Polygon zkEVM: mainnet beta is live. The most eagerly awaited tech news of the year

Polygon zkEVM: the mainnet beta is live. What do you need to know?

Everything you need to know about Polygon zkEVM, Ethereum’s Layer 2 that exploits zero-knowledge technology

We’re live: the Polygon zkEVM mainnet beta went online on 27 March. MATIC‘s blockchain team announced on 20 July 2022 the development of an innovative scalability solution for Ethereum (Layer 2), capable of improving the performance of the entire industry. Thus, the Polygon zkEVM was born, combining zero-knowledge (ZK) technology and compatibility with the Ethereum Virtual Machine

The project has become the most eagerly awaited tech news in recent months, so much so that 2023 has been dubbed the year of ‘zero-knowledge’.  

Now that the mainnet beta is live, here’s everything you need to know about Polygon zkEVM, Ethereum’s latest scalability innovation!

Polygon zkEVM: blockchain focuses on zero-knowledge

For Ethereum, there is no more pressing challenge than scalability. The increasing amount of dapps and DeFi services using its network are testing its efficiency. The number of transactions to be processed increases day by day and according to Polygon, the most promising solution to meet this challenge are Layer 2s based on zero-knowledge technology. Which allows so many transactions to be processed at once and at a reduced cost. 

One type of Layer 2 derived from this technology are rollups. These aggregate a series of  off-chain transactions into a ‘rollup’ that is transferred to the reference Layer 1 blockchain with one and only one proof of validity for all transactions (zero-knowledge proof). In other words, transactions are not verified one by one, transferring a large amount of data to Ethereum. Everything is reduced to a single step.

This makes the finalisation of transactions and the amount of data that ends up on the blockchain lighter. Polygon zkEVM rollups allow instantaneous transactions unlike other types such as optimistic rollups, chosen as a scalability solution by protocols such as Arbitrium and Optimism

Zero-knowledge rollups: pros and cons

Although promising, zk rollups are an underused technology as a scalability solution for Ethereum. In general, these take a long time to develop and are expensive to integrate. Most importantly, in most cases, they are not compatible with the Ethereum Virtual Machine and are therefore not interoperable with Ethereum

Compatibility is crucial because it allows different projects to be standardised and interchangeable with each other, facilitating the exchange of information and value

Polygon decided to work precisely on this weakness of zk rollups: ‘We knew that Ethereum needed to scale. We knew that ZK Proofs were the best way to do so. We knew that EVM-equivalence was the secret sauce that would empower both devs and users. So we built Polygon zkEVM”. 

The Polygon zkEVM mainnet beta that went online on 27 March is thus a zero-knowledge Layer 2 solution for scaling Ethereum, that is fully compatible with the EVM. 

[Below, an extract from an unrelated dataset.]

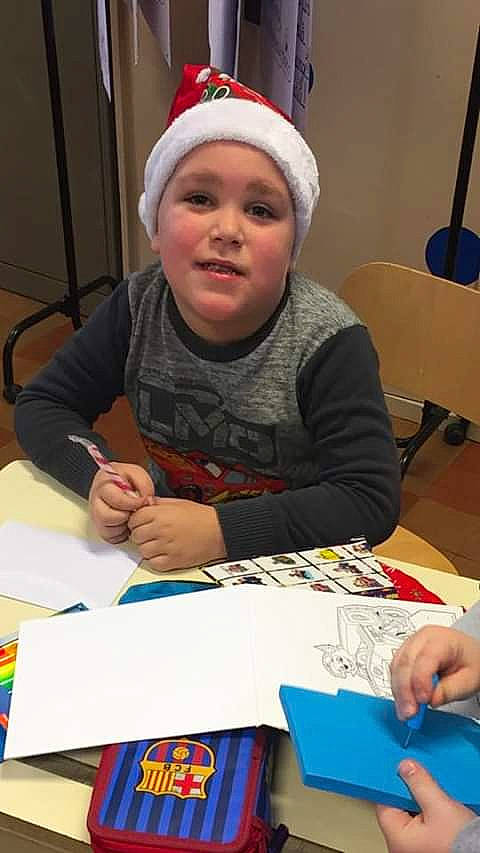 Nathan participe au concours pour gagner de l'argent avec cette photo : child, day, fun, headwear, person, play, product, reading, smile, toddler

Polygon zkEVM: why it’s really news

Zk rollups yes, but compatible with Ethereum. This is Polygon‘s project that is finally a reality! Basically, not being EVM compatible is a big disadvantage, it means not being able to use the same programming language as Ethereum (Solidity), its code or development tools. The problem with zk rollups is therefore one of usability. 

Polygon zkEVM however is a Layer 2 that can be used exactly like Ethereum. Developers and users can find the same security and decentralisation of the ETH network but more speed and convenience. 

Polygon zkEVM: what changes now for blockchain

To summarise, the advantages of Polygon zkEVM are: 

  • More scalability and security for the network;
  • Lower transaction processing costs;
  • Faster transaction finalisation times;
  • Compatibility with Ethereum, the most widely used smart contract platform.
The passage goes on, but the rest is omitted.